Reproduce the entries shown below only from the line with "Ruymán Santana en" down to the line with "Thumbnail: 2023 Volkswagen Taos - 8", keeping both end lines and copying each one exactly.

--*--

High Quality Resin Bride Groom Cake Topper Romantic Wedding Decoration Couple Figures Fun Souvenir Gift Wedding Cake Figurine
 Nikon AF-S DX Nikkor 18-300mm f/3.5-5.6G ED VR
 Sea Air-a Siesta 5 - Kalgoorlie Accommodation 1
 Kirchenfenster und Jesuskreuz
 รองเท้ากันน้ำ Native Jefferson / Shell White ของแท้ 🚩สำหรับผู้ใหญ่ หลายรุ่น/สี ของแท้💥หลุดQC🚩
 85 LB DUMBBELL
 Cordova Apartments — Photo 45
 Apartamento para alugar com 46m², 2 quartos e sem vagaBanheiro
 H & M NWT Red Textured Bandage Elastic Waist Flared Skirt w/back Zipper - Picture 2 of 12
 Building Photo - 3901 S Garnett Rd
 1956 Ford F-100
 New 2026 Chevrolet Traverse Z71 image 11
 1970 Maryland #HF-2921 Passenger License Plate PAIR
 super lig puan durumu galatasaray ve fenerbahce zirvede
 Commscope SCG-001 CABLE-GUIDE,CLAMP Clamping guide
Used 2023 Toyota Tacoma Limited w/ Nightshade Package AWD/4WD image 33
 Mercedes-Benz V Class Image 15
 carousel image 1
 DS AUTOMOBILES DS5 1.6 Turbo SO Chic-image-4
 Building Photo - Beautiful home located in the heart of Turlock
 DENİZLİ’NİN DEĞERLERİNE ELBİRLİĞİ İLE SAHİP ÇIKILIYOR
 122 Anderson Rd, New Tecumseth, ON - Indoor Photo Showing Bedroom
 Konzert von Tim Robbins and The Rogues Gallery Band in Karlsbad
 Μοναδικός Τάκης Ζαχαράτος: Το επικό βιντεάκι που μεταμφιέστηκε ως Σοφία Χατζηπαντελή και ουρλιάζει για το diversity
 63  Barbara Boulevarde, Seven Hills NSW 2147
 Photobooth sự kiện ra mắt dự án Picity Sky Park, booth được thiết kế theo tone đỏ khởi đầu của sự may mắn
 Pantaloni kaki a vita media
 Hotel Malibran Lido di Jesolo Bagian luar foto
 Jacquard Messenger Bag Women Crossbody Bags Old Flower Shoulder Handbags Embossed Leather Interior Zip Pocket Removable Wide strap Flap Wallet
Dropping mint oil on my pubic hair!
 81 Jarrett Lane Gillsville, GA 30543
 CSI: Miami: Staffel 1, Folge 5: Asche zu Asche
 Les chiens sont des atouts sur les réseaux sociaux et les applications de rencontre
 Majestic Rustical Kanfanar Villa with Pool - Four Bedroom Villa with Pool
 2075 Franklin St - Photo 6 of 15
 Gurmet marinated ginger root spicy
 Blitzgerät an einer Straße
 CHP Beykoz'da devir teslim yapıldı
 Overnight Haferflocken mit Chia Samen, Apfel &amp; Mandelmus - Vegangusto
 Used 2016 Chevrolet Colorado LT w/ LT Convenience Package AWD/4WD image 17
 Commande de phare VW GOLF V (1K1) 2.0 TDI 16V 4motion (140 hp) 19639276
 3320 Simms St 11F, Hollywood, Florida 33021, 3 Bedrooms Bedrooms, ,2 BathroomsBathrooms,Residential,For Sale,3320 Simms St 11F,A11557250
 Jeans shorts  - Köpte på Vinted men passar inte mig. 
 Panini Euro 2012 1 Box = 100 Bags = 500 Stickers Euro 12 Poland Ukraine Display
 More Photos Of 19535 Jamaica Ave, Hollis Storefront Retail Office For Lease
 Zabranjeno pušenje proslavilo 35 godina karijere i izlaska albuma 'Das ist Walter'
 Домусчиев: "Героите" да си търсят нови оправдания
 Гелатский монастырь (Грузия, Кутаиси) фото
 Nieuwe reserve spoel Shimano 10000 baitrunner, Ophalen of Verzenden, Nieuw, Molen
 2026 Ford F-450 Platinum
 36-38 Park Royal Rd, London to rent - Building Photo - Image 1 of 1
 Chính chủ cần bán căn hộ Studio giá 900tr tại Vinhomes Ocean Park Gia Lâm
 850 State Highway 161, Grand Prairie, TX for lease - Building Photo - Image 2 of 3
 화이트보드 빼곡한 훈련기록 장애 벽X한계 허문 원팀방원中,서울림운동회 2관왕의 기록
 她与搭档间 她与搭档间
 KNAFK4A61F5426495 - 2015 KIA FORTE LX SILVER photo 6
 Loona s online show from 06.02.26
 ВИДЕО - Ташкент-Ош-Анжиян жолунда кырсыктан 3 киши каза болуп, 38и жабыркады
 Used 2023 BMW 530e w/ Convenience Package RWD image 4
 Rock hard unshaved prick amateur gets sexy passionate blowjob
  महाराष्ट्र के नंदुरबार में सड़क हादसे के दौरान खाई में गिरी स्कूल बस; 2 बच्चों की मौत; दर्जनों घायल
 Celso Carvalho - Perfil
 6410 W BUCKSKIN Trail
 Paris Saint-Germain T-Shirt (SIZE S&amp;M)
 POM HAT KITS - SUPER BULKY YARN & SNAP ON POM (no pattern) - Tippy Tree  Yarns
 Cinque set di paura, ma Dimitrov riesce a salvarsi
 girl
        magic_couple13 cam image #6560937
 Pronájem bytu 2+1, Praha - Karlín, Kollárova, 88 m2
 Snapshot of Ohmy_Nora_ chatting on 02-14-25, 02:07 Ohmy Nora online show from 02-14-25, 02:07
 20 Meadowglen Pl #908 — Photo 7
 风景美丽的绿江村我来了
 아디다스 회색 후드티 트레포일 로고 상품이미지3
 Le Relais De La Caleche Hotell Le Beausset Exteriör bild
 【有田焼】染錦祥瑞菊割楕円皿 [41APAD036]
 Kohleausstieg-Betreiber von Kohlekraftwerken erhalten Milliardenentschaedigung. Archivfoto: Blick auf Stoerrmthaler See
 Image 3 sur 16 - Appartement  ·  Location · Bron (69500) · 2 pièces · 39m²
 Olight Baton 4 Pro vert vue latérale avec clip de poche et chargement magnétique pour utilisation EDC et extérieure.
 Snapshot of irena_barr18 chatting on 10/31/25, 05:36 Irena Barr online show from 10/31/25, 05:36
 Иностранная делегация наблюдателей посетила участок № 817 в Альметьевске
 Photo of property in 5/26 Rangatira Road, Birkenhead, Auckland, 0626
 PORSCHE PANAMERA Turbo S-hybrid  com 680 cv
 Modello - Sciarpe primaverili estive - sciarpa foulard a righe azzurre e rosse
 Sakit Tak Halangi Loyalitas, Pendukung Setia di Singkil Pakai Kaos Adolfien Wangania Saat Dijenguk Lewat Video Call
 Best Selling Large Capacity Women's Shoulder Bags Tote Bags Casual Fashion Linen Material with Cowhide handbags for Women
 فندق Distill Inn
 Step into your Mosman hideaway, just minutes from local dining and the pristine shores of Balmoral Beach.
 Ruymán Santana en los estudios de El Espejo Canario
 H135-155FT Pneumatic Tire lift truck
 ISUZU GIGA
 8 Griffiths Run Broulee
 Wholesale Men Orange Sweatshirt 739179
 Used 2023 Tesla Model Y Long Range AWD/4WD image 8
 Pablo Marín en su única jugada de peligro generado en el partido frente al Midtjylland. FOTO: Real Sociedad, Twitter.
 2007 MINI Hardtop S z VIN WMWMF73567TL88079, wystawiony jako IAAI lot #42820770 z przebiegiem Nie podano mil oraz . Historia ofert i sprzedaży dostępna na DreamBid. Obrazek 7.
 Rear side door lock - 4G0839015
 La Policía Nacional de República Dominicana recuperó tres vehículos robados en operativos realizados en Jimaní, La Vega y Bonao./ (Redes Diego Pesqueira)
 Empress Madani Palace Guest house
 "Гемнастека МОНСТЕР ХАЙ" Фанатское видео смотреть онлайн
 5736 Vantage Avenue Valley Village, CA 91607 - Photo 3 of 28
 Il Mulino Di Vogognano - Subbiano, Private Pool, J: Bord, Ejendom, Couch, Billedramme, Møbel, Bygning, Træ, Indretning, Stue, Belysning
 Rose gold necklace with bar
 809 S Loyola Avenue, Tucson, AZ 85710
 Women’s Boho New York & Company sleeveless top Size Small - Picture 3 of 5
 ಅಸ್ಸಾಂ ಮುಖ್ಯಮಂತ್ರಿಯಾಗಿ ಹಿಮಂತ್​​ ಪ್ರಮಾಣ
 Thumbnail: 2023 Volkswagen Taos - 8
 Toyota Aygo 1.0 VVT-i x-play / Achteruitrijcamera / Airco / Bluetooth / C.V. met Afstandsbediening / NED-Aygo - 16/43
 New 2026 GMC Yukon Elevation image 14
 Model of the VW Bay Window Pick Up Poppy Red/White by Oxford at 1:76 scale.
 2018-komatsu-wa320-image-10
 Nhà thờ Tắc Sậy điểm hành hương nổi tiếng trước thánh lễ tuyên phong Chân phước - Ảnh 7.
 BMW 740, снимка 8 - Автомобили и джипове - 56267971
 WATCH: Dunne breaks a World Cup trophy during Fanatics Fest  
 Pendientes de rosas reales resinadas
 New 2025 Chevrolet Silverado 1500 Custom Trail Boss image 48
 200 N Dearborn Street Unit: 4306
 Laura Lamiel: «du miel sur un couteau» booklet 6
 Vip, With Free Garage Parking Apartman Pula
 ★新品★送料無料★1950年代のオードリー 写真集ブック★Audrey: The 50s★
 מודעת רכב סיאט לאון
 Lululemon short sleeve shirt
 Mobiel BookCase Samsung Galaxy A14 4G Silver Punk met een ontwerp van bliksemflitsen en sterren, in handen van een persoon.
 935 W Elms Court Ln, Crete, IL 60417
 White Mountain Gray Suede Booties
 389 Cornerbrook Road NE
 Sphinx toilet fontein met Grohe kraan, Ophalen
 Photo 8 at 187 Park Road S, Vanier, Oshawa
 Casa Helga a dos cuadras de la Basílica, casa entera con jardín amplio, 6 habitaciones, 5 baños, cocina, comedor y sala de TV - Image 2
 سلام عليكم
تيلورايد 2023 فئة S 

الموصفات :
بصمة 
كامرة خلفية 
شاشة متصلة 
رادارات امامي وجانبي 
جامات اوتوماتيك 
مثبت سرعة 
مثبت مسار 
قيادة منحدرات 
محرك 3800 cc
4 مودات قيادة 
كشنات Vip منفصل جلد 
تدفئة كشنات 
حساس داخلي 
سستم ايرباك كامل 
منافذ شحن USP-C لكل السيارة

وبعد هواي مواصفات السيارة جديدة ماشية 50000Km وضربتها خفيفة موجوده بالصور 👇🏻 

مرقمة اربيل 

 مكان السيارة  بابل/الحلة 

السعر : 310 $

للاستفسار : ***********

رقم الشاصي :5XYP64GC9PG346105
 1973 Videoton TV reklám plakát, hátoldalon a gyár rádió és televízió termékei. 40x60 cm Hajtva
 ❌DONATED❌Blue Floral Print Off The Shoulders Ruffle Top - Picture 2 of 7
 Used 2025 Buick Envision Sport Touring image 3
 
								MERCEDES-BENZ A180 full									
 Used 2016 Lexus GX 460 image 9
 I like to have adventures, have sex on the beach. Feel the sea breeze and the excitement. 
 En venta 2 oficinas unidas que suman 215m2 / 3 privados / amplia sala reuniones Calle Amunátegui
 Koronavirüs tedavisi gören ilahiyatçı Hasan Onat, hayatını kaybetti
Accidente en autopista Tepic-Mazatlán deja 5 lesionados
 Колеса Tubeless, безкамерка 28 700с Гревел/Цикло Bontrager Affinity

--*--

_RESULT FOR THIS TASK_:
 Ruymán Santana en los estudios de El Espejo Canario
 H135-155FT Pneumatic Tire lift truck
 ISUZU GIGA
 8 Griffiths Run Broulee
 Wholesale Men Orange Sweatshirt 739179
 Used 2023 Tesla Model Y Long Range AWD/4WD image 8
 Pablo Marín en su única jugada de peligro generado en el partido frente al Midtjylland. FOTO: Real Sociedad, Twitter.
 2007 MINI Hardtop S z VIN WMWMF73567TL88079, wystawiony jako IAAI lot #42820770 z przebiegiem Nie podano mil oraz . Historia ofert i sprzedaży dostępna na DreamBid. Obrazek 7.
 Rear side door lock - 4G0839015
 La Policía Nacional de República Dominicana recuperó tres vehículos robados en operativos realizados en Jimaní, La Vega y Bonao./ (Redes Diego Pesqueira)
 Empress Madani Palace Guest house
 "Гемнастека МОНСТЕР ХАЙ" Фанатское видео смотреть онлайн
 5736 Vantage Avenue Valley Village, CA 91607 - Photo 3 of 28
 Il Mulino Di Vogognano - Subbiano, Private Pool, J: Bord, Ejendom, Couch, Billedramme, Møbel, Bygning, Træ, Indretning, Stue, Belysning
 Rose gold necklace with bar
 809 S Loyola Avenue, Tucson, AZ 85710
 Women’s Boho New York & Company sleeveless top Size Small - Picture 3 of 5
 ಅಸ್ಸಾಂ ಮುಖ್ಯಮಂತ್ರಿಯಾಗಿ ಹಿಮಂತ್​​ ಪ್ರಮಾಣ
 Thumbnail: 2023 Volkswagen Taos - 8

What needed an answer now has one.